- Object
- Demitasse
- Description
-
I was born in Budapest after World War II to Hungarian-Jewish Holocaust survivors. My father came from a village in northeastern Hungary called Vaja, where he and many of his ancestors had farmed large estates for generations. After the War, the land of course was gone, nationalized by the Communists. But kindly neighbours had hidden and kept many small family treasures. In the Budapest apartment in which I grew up, these candlesticks, bonbonnieres, and pretty pieces of china were kept in an elegant china cabinet.
We left Hungary in the wake of the Revolution of 1956. Because we came out legally in the spring of 1957, we were allowed to take a few precious items of sentimental value with us. My parents included me, a child of nine, in the decision making process, and I remember that they heeded my counsel to bring a less valuable set of silver candlesticks than the tall modern ones that they purchased after the war, because I said to them, "We should take the candle sticks that came from Vaja."
The demitasse set is also among the few objects we brought from Hungary with us. It was once part of a large set of fine German porcelain: Graf von Henneberg, Ilmenau. The set was also displayed in the china cabinet and was brought out when my parents served espresso to company.
I cherish a particularly fond memory related to these demitasses.
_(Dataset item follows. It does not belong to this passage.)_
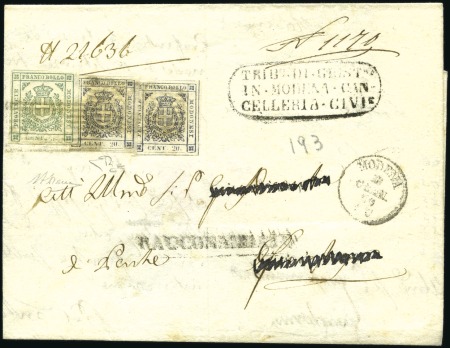 Stamp of Italian States » Modena 1859 20c Dark Purplish Slate, two examples, plus 5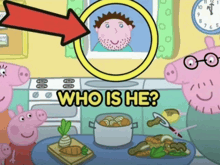 a cartoon scene with a magnifying glass and the words who is he on the bottom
My father liked his espresso sweet and would place a sugar cube or two in his cup. I would sit on his lap, enfolded in his arms, as he sipped his coffee. When he was done, there was always a residue of coffee-infused sugar at the bottom, which he would scrape out with what we called a mocha spoon and feed to me.
The warmth of my father’s arms around me, the taste of coffee flavoured sugar, the prettiness of the delicate little object—they form a kind of gestalt of a happy, indulged childhood, and in particular of the closeness that existed between me and my father.
There are darker memories associated with the demitasse set as well, which are recounted in the chapter called "Demitasses" in my award-winning family memoir "Shoshanna's Story: A Mother, A Daughter, and the Shadows of History" (McClelland & Stewart). But I prefer to dwell on the tenderness of the “coffee memory,” and on the fact that this little artefact connects me to a family past in the Hungarian countryside.